Link to Pubmed [PMID] – 26461356
Free Radic. Biol. Med. 2014 Oct;75 Suppl 1:S37
Adult tissue homeostasis and regeneration rely on tissue stem cell populations that generate committed precursors and differentiated cells while maintaining a pool of stem cells. In adult skeletal muscle, such cells, called satellite cells, remain quiescent at the periphery of muscle fibers. Upon injury they undergo activation, proliferation and differentiation to replace damaged fibers and also self-renew to reconstitute the muscle stem cell pool. During regeneration, the transition from a quiescent muscle stem cell to a differentiated fiber is accompanied by major metabolic changes. Such changes, and notably the switch from a glycolytic proliferative progenitor state to an oxidative post-mitotic differentiated state, require extensive mitochondrial biogenesis that takes place at the onset of differentiation and leads to increased ROS production. However, it is unclear whether this enhanced ROS production/mitochondrial content reflects an adaptation to the rising energy demand or whether it constitutes an essential regulation element of the differentiation program.To investigate the potential role of this metabolic switch and more specifically of reactive oxygen species during muscle regeneration, we took advantage of mouse mutants for Pitx2 and Pitx3 genes.

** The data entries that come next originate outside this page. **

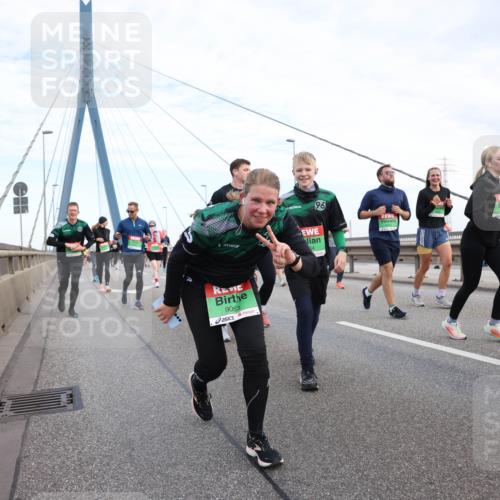 03.10.2025 - Köhlbrandbrückenlauf Lena Gebhardt http://msf.ph/oto/9198985 03.10.2025 15:36:44 Position 1 96, 9063, 9005 meine-sportfotos.de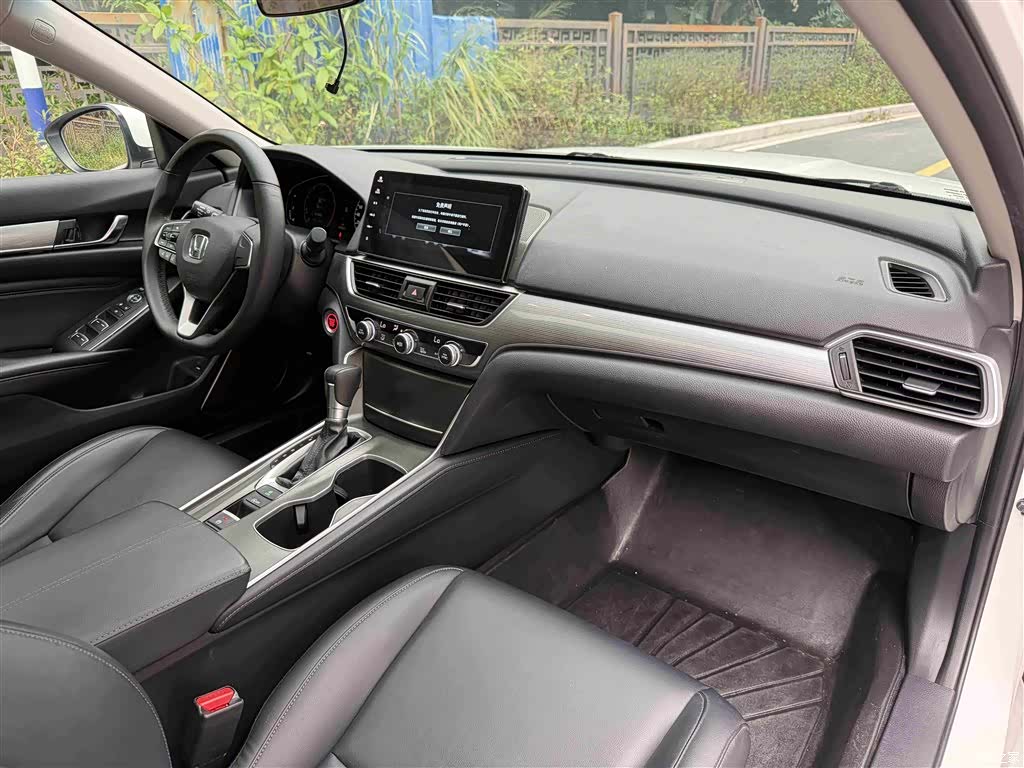 Honda Accord, 2022 11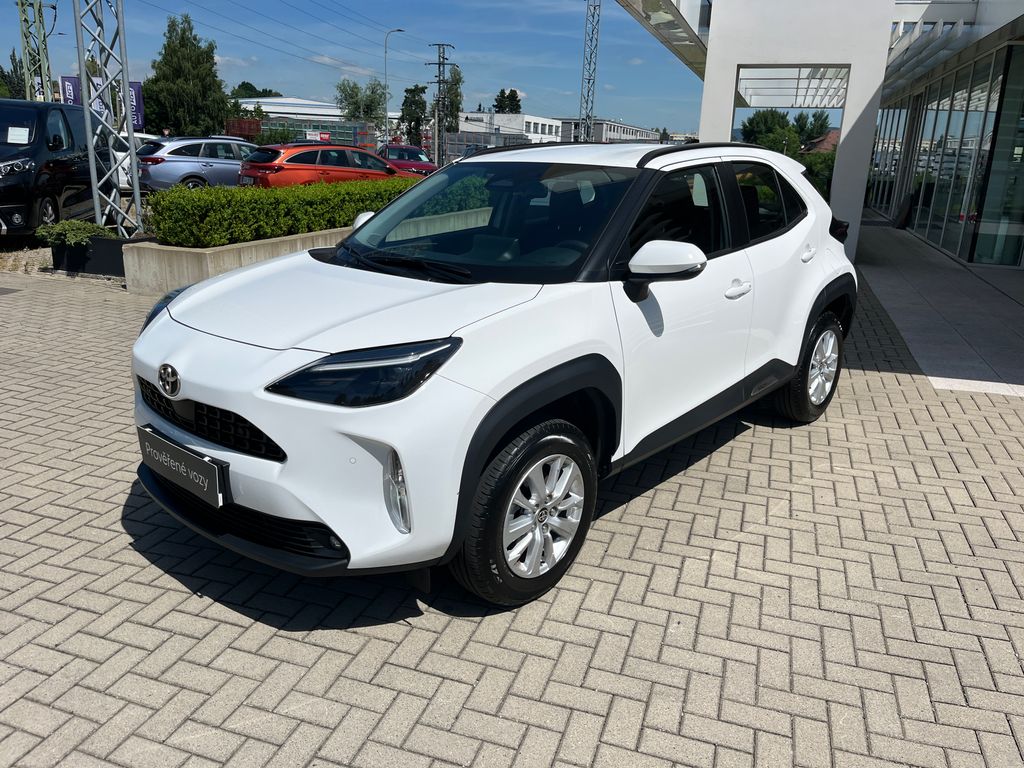 toyota-yaris-cross-1-5-hybrid-e-cvt-comfort - 1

Both genes are involved in foetal myogenesis where they have been identified as key regulators of the redox state preventing excessive ROS levels and DNA damage as cells undergo differentiation. We have now analyzed adult single and double Pitx2:Pitx3 conditional mutant mouse lines targeted to the muscle stem cell compartment. Double mutant satellite cells undergo senescence with impaired regeneration after injury, whereas in single Pitx3 mutants, premature differentiation occurs. We show that these effects are directly linked to dose-dependent changes in ROS levels and can be reversed by lowering ROS with the N-acetylcystein, supporting the notion that a controlled increase in ROS is required for differentiation of muscle stem cells.